In November 2007, Han was appointed as chief executive officer of Far East International, the China division of the Sino Group. After his contract ended, Han jointly owned Brilliance International Development, a real estate development company, with a Chinese developer based in Hong Kong. In 2011, Han announced a mixed-commercial development in Qingyang, Chengdu. In 2012, Han announced the launch of another mixed-use development in Yinchuan, Ningxia. In 2017, Han said he recouped his costs and made profits, after selling most of the units in the developments. As such, Han announced he will retire as a real estate developer.

== Personal life ==
Han is married to Tan Seng Too.
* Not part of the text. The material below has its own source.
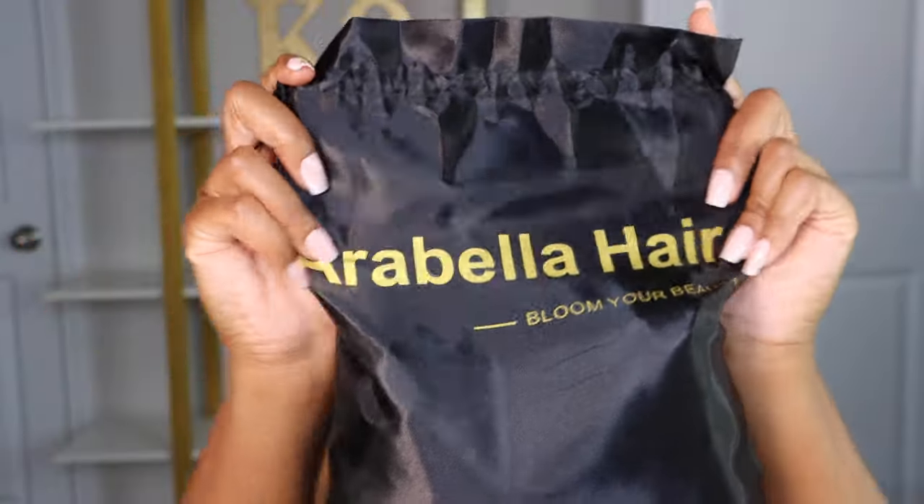I am back with the perfect sleigh in a wig form that you need for this upcoming autumn season. Well, we're actually already in autumn, but you get the point.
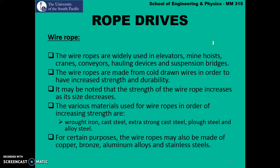Various materials are used for wire ropes and in increasing order of strength we have wrought iron, cast steel, extra strong cast steel, plough steel, and finally alloy steels. Other materials used for wire drives include copper, bronze, aluminum alloys, and stainless steel.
His family lives in the Windsor Park estate, off Upper Thomson Road.

Han is an avid golf player, and took part in tournaments organised by Lianhe Zaobao and The Business Times throughout his career.

During his tenure at Fraser and Neave, Han enjoyed discounts to purchase real estate developments by the company. This included a unit in Sentosa Cove, bought in 2005 with a 1.5% discount, and a condominium unit in Clementi, bought in 2007 with a 3.5% discount.